Portrait of Jarena Lee, 1844

“A portrait of Jarena Lee, the first woman to preach from the pulpit of Richard Allen’s Bethel African Methodist Episcopal Church, was painted from life for the frontispiece of her autobiographical book, Religious Experience and Journal of Mrs. Jarena Lee… The portrait shows Lee seated and simply dressed, with a quill in her hand and papers and books, including the Holy Bible, on the table before her. The composition of the image was meant to convey that Lee was not only a religious woman, but a literate one as well. The caption below reads: “Mrs. Jarena Lee. Preacher of the A,M,E, Church. Aged 60 years on the 11th day of the 2nd month 1844. Philadelphia 1844.” Image Credit: From the collections of the Library of Congress


Meeting in the African Church, Cincinnati, Ohio, 1853

“This engraving from the April 30, 1853 edition of the Illustrated News shows the congregation of Cincinnati’s African Church. The churchgoers are kneeling or have their arms raised in prayer, while a man with outstretched arms stands before them at the podium. Although located in a free state, Cincinnati was located just across the river from slave-holding Kentucky, making it a popular location for both free and fugitive blacks. Between 1820 and 1829,Cincinnati’s black population grew from 2 percent to nearly 10 percent of the ciy’s population. The city’s Overseers of the Poor responded to this growth by enforcing the state’s “black laws” which required blacks to register with the county clerk to ensure that they were not fugitives and to obtain a certificate to work. Blacks in the city were given 30 days to comply or leave the state. White mobs forced more than a thousand blacks to leave the city, prompting the organization of the National Black Convention movement, which met for the first time in Richard Allen’s Bethel AME Church in Philadelphia in 1830.” By the 1850s, when the Illustrated News published this image of the African Church, increasing numbers of blacks from Pennsylvania had begun migrating to Cincinnati. Image Credit: From the collections of the Library of Congress Image Credit: The Granger Collection, New York


Nat Turner preaches religion

“This drawing shows Nat Turner preaching in the forest. In his “Confession,” Turner said, “Knowing the influence I had obtained over the minds of my fellow-servants…by the communion of the Spirit, whose revelations I often communicated to them… I nowbegan to prepare them for my purpose.”


Nat Turner

“This image portrays the discovery of Nat Turner. After state and federal troops dispersed Turner’s forces, he escaped and hid in several different places near the farm where he had been a slave. His hiding place was discovered by a dog, and on October 30 he was captured.” Image Credit: From the collections of the Library of Congress Discovery of Nat Turner


Jews and the Civil War

The Civil War divided Jews much as it did he nation as a whole. There were Jews in the North and Jews in the South, Jews who supported slavery and Jews who condemned it, Jews who fought for the Union and Jews who fought for the Confederacy. If in many respects the Civil War affected Jews much as it did other Americans, there were nevertheless three features of the struggle that affected Jews uniquely.


Civil War Chaplains

“For both moral and political reasons, Lincoln wanted each unit to have it’s own Chaplain. The War Department’s issue of General Orders 15 and 16, Lincoln’s wish was granted in the fact that a Regiment was to elect or appoint a Chaplain. This man thus appointed had to be an ordained minister of a Christian denomination and approved by the Governor of the state from wh8ich the volunteer regiment came.”


Confederate Chaplains


Civil War Chaplains (Catholic)

“First photograph of a religious service in the U.S. Army: Mass in the field for the soldiers of the 69th New York Regiment prior to the first Battle of Bull Run in July 1861. The Civil War for the first time witnessed a large number of Roman Catholic chaplains in the field.”

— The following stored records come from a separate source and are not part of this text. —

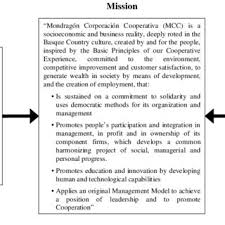 The Organizational Structure Of Mcc Download Scientific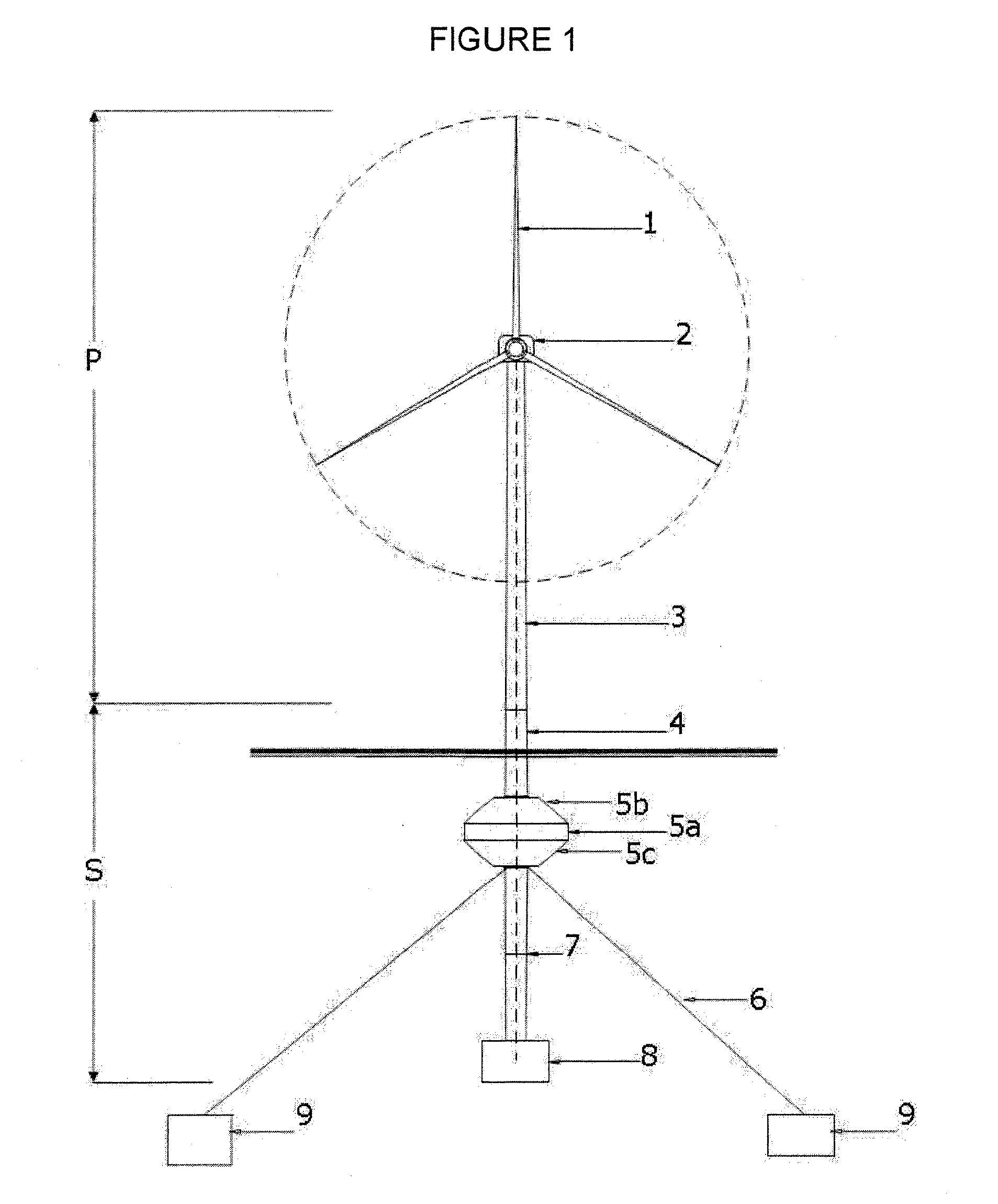 Floating platform for extracting wind energy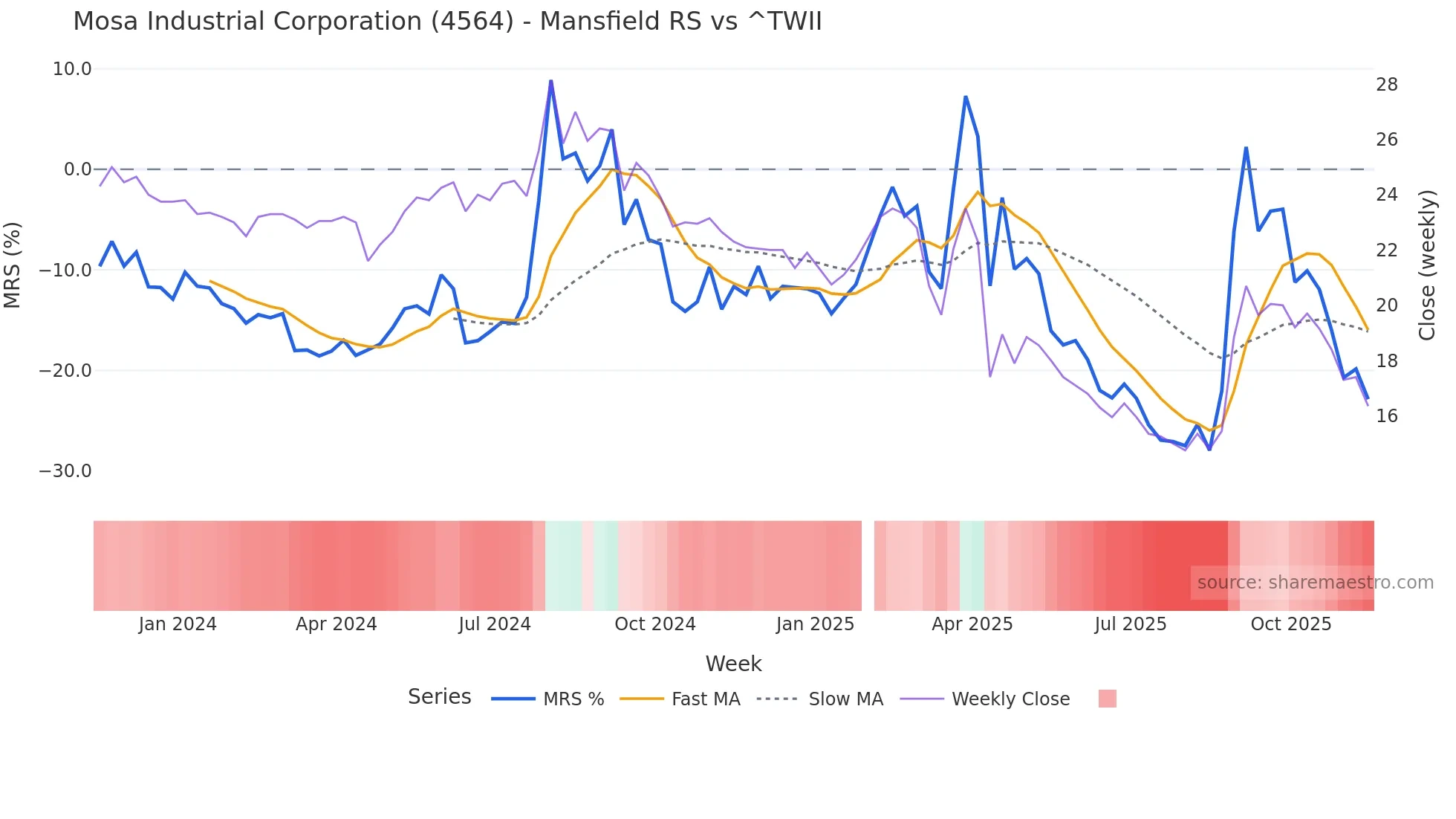 4564 Mansfield Relative Strength chart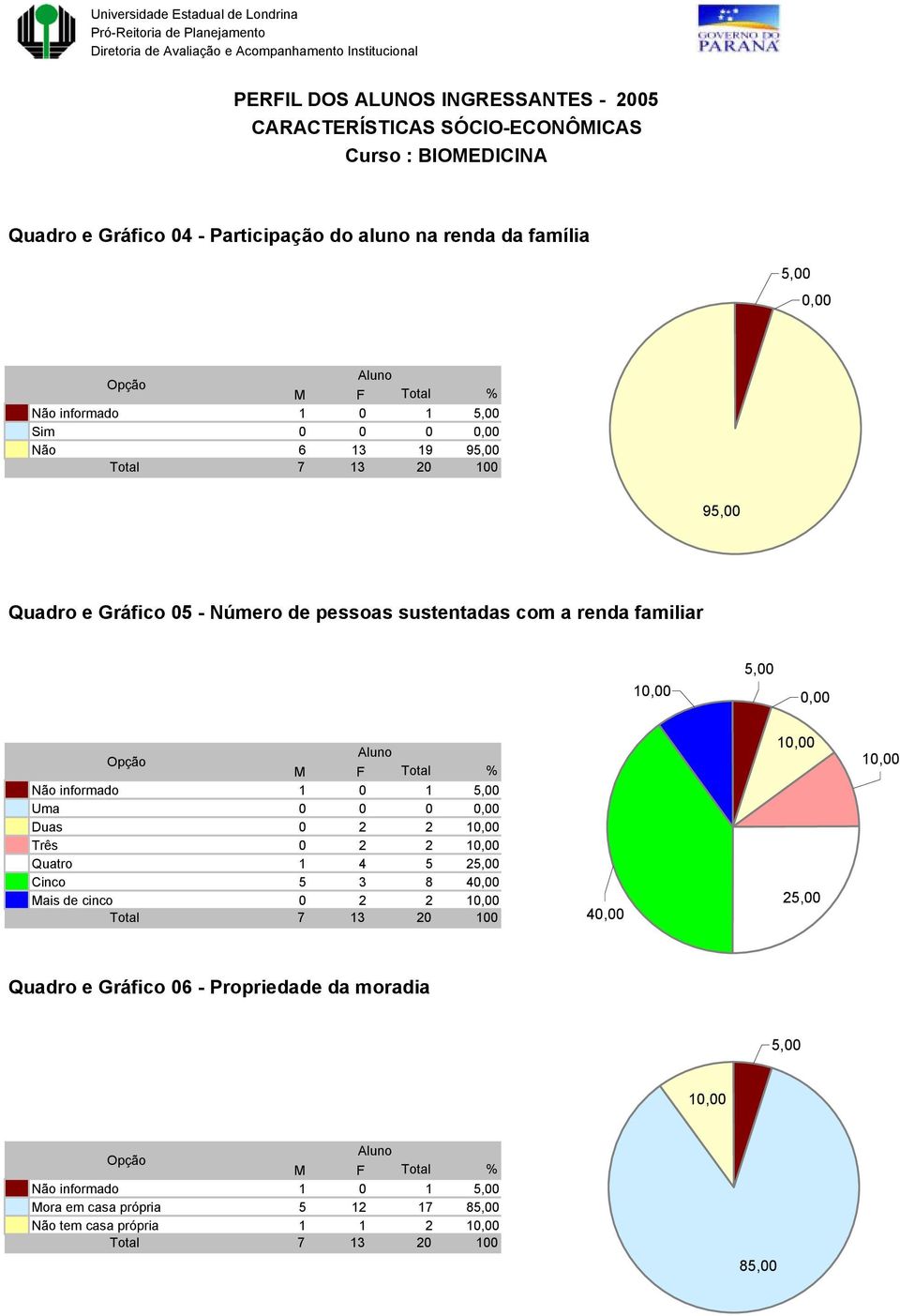 informado 1 0 1 Uma 0 0 0 Duas 0 2 2 1 Três 0 2 2 1 Quatro 1 4 5 2 Cinco 5 3 8 4 Mais de cinco 0 2 2 1 4 1 2 1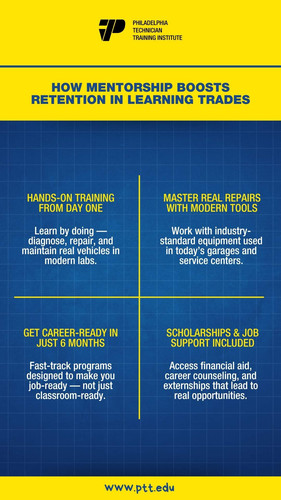 How Mentorship Boosts Retention In Learning Trades 3.jpg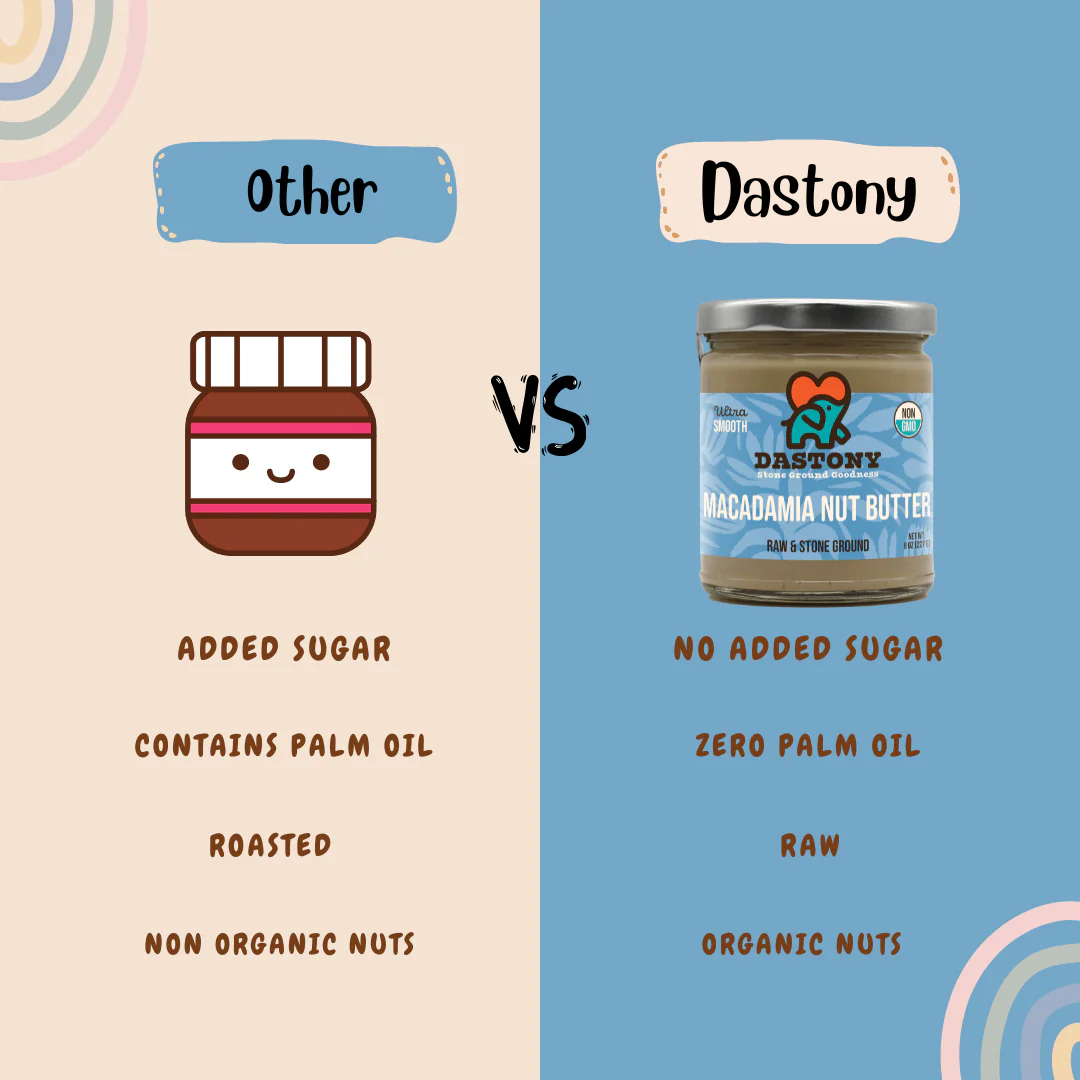 NON-GMO Crunchy Macadamia Nut Butter - Image 7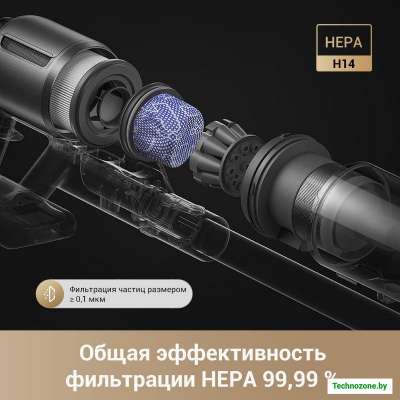 Пылесос Dreame Cordless Vacuum Cleaner Z30 VZV17A + Фен Dreame hairdryer Glory Master AHD10 (евровилка)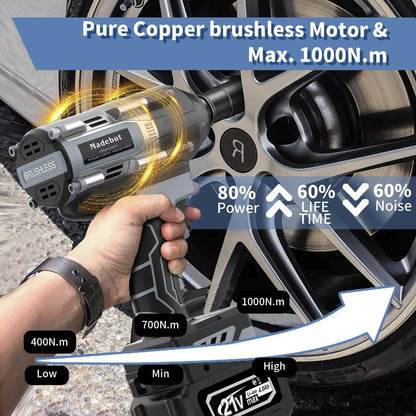 1000N·m Cordless Impact Wrench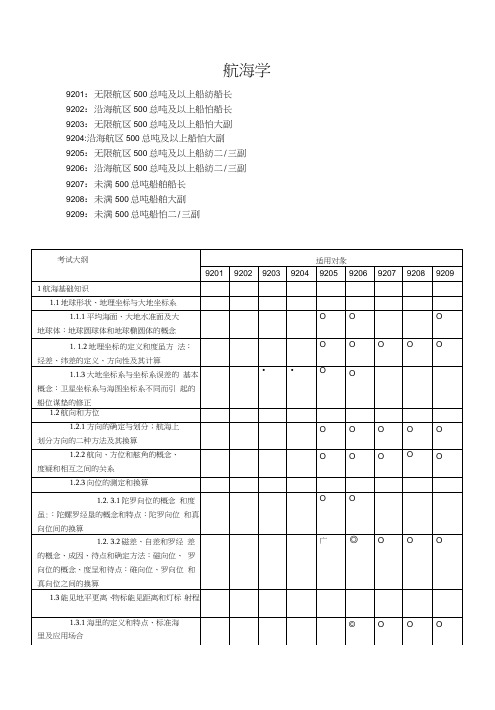 航海学dagang1汇总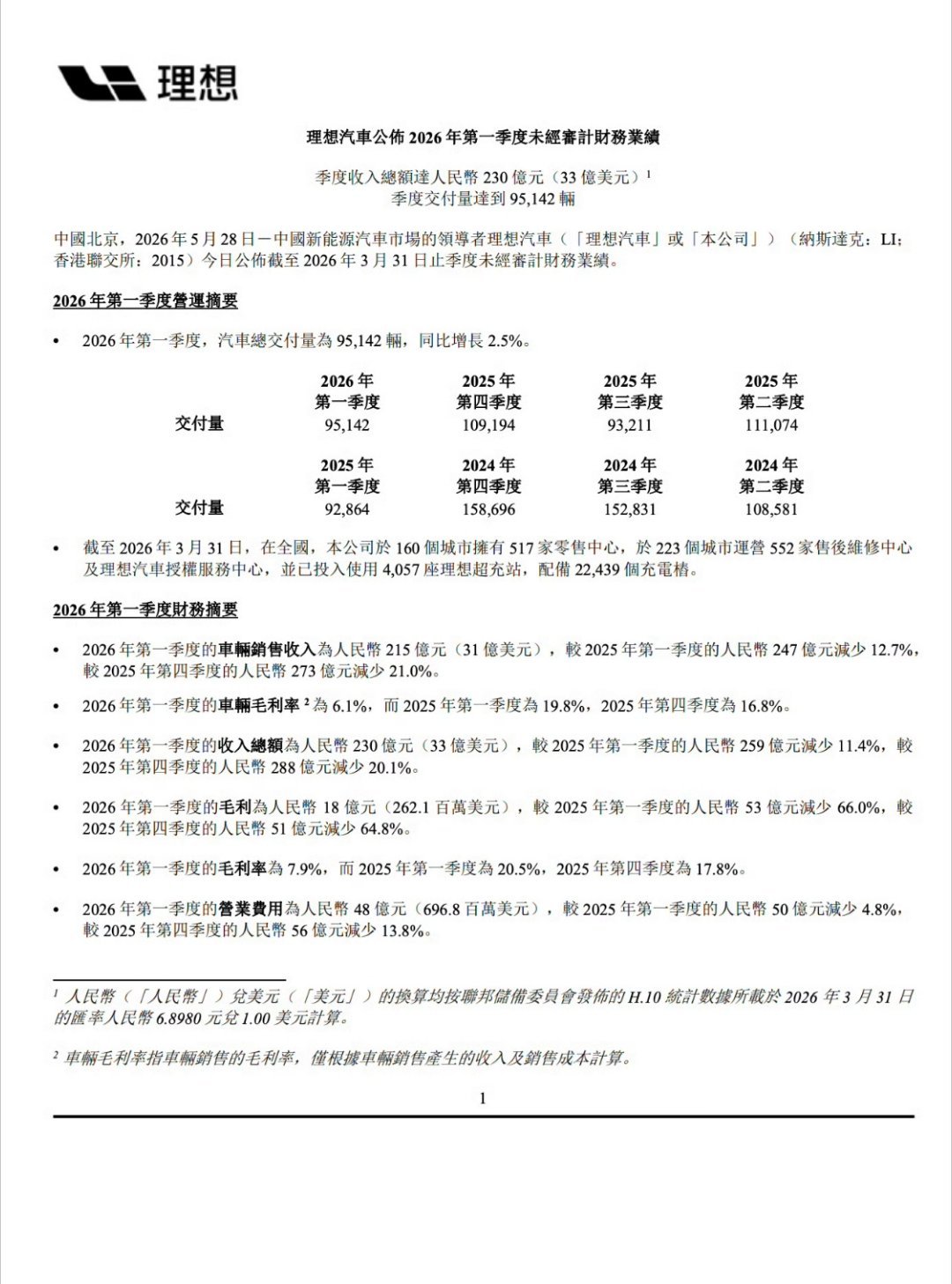 理想发布一季度财报后很多人看理想Q1只看到亏损、毛利率下滑，就唱衰理想。说实话，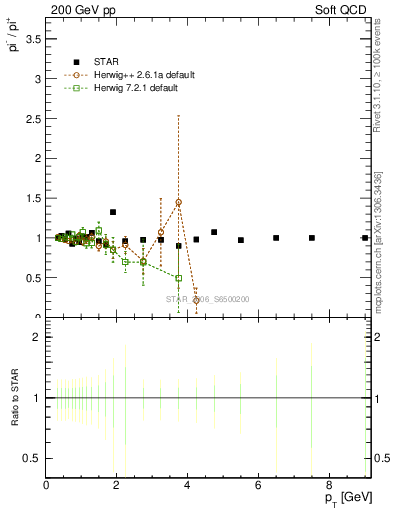 Plot of pim2pip_pt in 200 GeV pp collisions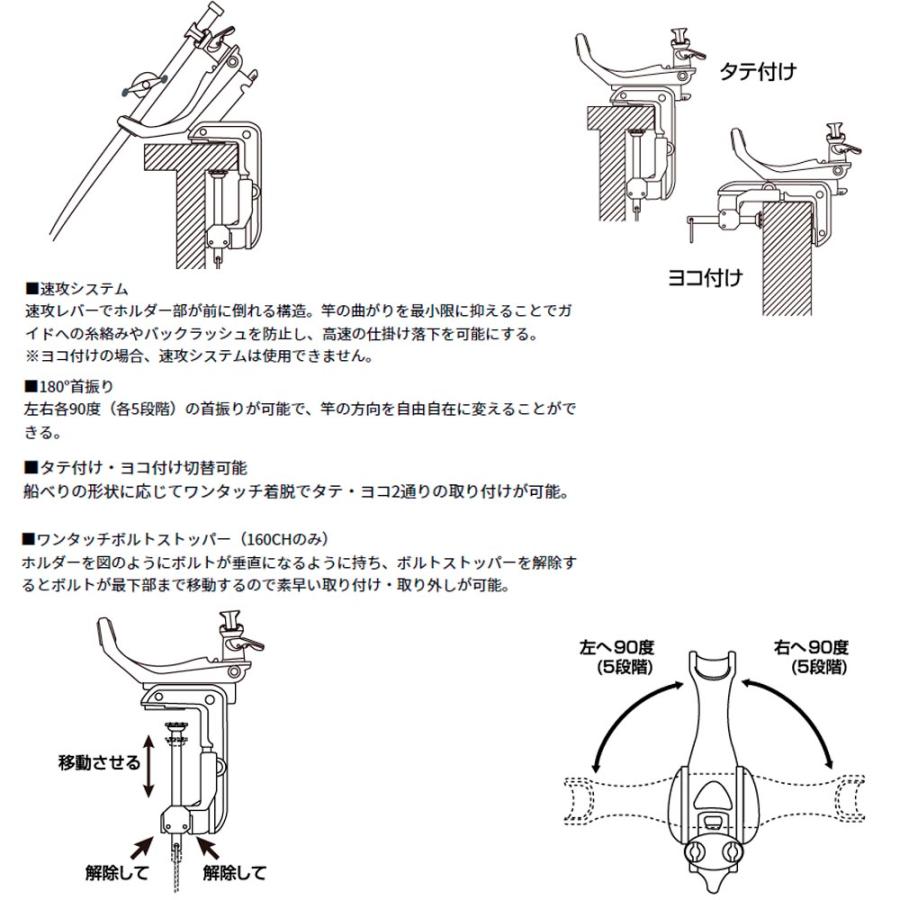 DAIWA（ダイワ） パワーホルダー 速攻 160CH-E レッド(da-691758) : 船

Civil War Chaplain (first African American)

“The Civil War also marked for the first time the large-scale use of black troops in the Army on a regular basis, both in combat and support functions. By the end of the war there were 158 black regiments in the Union Army. Although all of the officers and most of the chaplains with these regiments were white, twelve of the regiments had black chaplains. The first black chaplain is considered to be the Reverend Henry McNeal Turner, a pastor from Baltimore, Maryland. In 1863 Turner became the chaplain of the 1st Regiment, U.S. Colored Troops. He served until 1865, and later “became a member of the Georgia legislature, a Bishop in the African Methodist Episcopal Church, a founder of several religious journals, and a college president.”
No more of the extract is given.